はちまドボク

何かからはみ出した、もうひとつの風景

更新を続ける都市

コンコルド広場ではアーバンスポーツ、エッフェル塔の前ではビーチバレー、グラン・パレではフェンシングやテコンドー、アンヴァリッドの中庭ではアーチェリー、セーヌ川では開会式やトライアスロン。文字通り都市そのものを舞台としたパリオリンピックは、これまでの概念を覆して新たな規範を生み出そうとする気概が感じられる。そして、多様性や持続可能性などの現代的な問題を取り込みながら、パリという都市が積み上げてきた格別な魅力をさらにアップデートさせているように思う。

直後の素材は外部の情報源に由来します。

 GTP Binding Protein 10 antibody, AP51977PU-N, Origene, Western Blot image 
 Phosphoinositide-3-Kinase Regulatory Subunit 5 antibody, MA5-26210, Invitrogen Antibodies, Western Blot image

パリは文化芸術の中心地の地位を確立し、維持してきた。それは、自由や創造の価値を尊重しながら、絶えず異文化を取り入れて更新していく姿勢に支えられているんだろうな。ピカソ(スペイン)、シャガール(ロシア帝国、現ベラルーシ)、モディリアーニ(イタリア)、藤田嗣治(日本)などのエ・コールド・パリの芸術活動を受け止めているところなんかは、とても顕著な例だよね。

パリのシンボル的な建造物を外国人に任せる寛容さにも、覚悟を感じる。たとえば、イオ・ミン・ペイ(アメリカ)によるルーヴル・ピラミッド、レンゾ・ピアノ(イタリア)とリチャード・ロジャース(イギリス)によるポンピドゥー・センター、SANAA(日本)によるサマリテーヌ百貨店のリノベーションなど。きっと多くの反対意見に揉まれてきたんだろうね。

今回のパリオリンピックも、パリ市民をはじめとして世界中から否定的な意見も数多くあるだろうが、それらを乗り越えて実際に開催にこぎ着けた関係者には、素直に頭が下がる。そんな意味でも激しい反対運動や取り壊しの危機をくぐり抜けたエッフェル塔は、まごうことなきパリの象徴なんだろう。

上の写真はセーヌ川の観光船から眺めた風景。過去に訪問した際の写真をぼんやり眺めながら、外国勢にたびたび支配されながらも独自の文化をつくり上げてきたパリに思いを馳せ、その重厚な歴史と未来への強い意志を妄想してしまった。